На пути к этому естественному развитию, не столь ускоренному, но непременно имеющему подняться на большую высоту, действительно стоит Гоголь. Он стоит на пути к нему не столько своею иронией, отсутствием доверия и уважения к человеку, сколько всем складом своего гения, который стал складом нашей души и нашей истории. Его воображение, не так относящееся к действительности, не так относящееся и к мечте, растлило наши души и разорвало жизнь, исполнив то и другое глубочайшего страдания. Неужели мы не должны сознать это, неужели мы настолько уже испорчены, что живую жизнь начинаем любить менее, чем… игру теней в зеркале.
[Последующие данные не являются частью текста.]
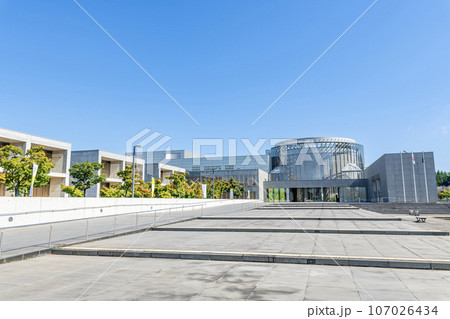 宮城県多賀城市　快晴の東北歴史博物館 107026434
К счастью, в самом творчестве Гоголя есть черты, по которым мы можем, наконец, определить его сущность. Мы возвратимся к частному факту, чтоб уяснить все сказанное и укрепить его, как кажется, непреодолимо. По какой-то обратной иронии, которая смеется над самыми мудрыми, в искусно выполненную поэму Гоголя замешались две детские фигурки. Это знаменитые Фемистоклюс и Алкид, не похожие ни на что в детском мире — ни действительном, ни опоэтизированном. Ведь о нихуто уже мы можем думать, что они были чисты и прекрасны и что никакого «оплотнения» души, о коем говорит г. Николаев, в них еще не было. И все-таки они куклы, жалкие и смешные, как и все прочие фигуры «Мертвых душ». Не вскрывает ли это с очевидностью пред нами, каков состав и остального содержания поэмы? «Не мешайте этим приходить ко Мне», — сказал Спаситель о детях; даже Он не смотрел на них с высоты и осуждающим взором, но протягивал к ним руки и привлекал их к Себе; как равно и «оплотненных» душой Он укорял и учил, но никогда не осмеивал. Как же мы можем говорить о какой-то «религиозной высоте», в свете которой знаменитый сатирик судил людей? Если это — высота, то она не имеет ничего общего с тою, с которой смотрел на людей Христос, где лежит Его Евангелие и крест и куда, конечно, должны направляться народы, убегая от всего, что обманчиво блистает для них с противоположной стороны, к счастью — всегда в очень различных точках.